Comment valoriser des contributions sur les projets Wikimédia ?
Un atelier qui aide à choisir, organiser et rendre visible ses contributions aux projets Wikimedia. Puisqu’il ne suffit pas de verser des contenus en masse au petit bonheur la chance et que l’éditorialisation est un aspect essentiel de l’enrichissement de projets collaboratifs.
Comment verser des collections dans Wikimedia Commons ?

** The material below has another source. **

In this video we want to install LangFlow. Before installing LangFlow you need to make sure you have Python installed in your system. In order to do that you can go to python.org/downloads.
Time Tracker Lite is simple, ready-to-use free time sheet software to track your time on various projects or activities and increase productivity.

Peut-on faire plus concret pour de l’open content ? Des premiers pas sur la plateforme jusqu’à la maîtrise d’outils statistiques en passant par l’interopérabilité avec Wikipédia, presque tout y est. Des outils de versements de masse existent mais il faudrait bien plus de temps pour les apprivoiser en ligne. L’association Wikimédia France travaille d’ailleurs à les rendre plus accessibles grâce à des projets de mooc et tutos vidéos à venir.
La prochaine Journée Wikimedia culture et numérique qui aura lieu au cours du printemps sera d’ailleurs l’occasion de présenter les principaux enseignements du rapport sur les pratiques open content par les institutions culturelles en France.
Pour plus de renseignements sur ce rapport n’hésitez pas à prendre contact avec nous !
L’open content nous réserve probablement de belles surprises pour les années à venir. L’heureuse conséquence de l’avoir vu dans tous ses états.